Page 2 of 6 brief and his response to Applicants’ motion, which the Court already considered in the first December Entry Order. In re Khan Subdivision Application, No. 25-ENV-00038, slip op. at 4, 8, 9 (Vt. Super. Ct. Envtl. Div. Dec. 11, 2025) (McLean, J.). These include the arguments that: Appellant’s standing to appeal was established at the DRB proceeding below; Applicants’ failure to cross-appeal limits them to addressing issues raised in the Statement of Questions (and so forecloses their ability to challenge Appellant’s standing); and the DRB erred in declining to consider the impacts of hypothetical future development (such as traffic) in granting the subdivision permit. Given Rule 59(e)’s prohibition on relitigating previously settled issues, the Court is not required to address these arguments and the motion, having wholly failed to present grounds for reconsideration under Rule 59(e), must be DENIED. In re Marsh Zoning Permit, No. 135-7-08 Vtec, slip. op. at 2 (Dec. 16, 2009) (Wright, J.). However, for the sake of completeness and to the extent it is required to address Appellant’s other arguments under Rule 59(e), the Court briefly (re)addresses certain of these previously raised―and resolved―claims. Appellant presents multiple theories to support his motion. First, Appellant argues that the Court should not have construed Applicants’ filing as a motion to dismiss, and that because the Court improperly did so, he did not have notice of the decision or an opportunity to file additional materials. Second, he argues that this Court did not have authority to make a determination about his standing after the Montgomery DRB had done so at the March 27, 2025 hearing. Third, he argues that Applicants forfeited arguments regarding Appellant’s standing in this Court because they did not object when asked about his standing during the proceeding below. Fourth, he argues that this Court may not address the issue of standing because Applicants did not raise it in their statement of questions. Finally, he argues that the Court improperly considered aspects of the Town’s brief in making its determination, and also improperly considered the impacts of Applicants’ request for subdivision without considering the impacts of some hypothetical future development.

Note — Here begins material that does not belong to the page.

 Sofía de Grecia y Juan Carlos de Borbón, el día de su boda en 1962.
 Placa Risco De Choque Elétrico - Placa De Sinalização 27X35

Construction of Applicants’ Filing & Lack of Notice As set forth in the first December Entry Order, ample precedent exists in support of the fact that “the submissions of a pro se litigant must be construed liberally and interpreted to raise the strongest arguments that they suggest." Triestman v. Fed. Bureau of Prisons, 470 F.3d 471, 474 (2d Cir. 2006); In re Grundstein, 2020 VT 102, ¶ 7.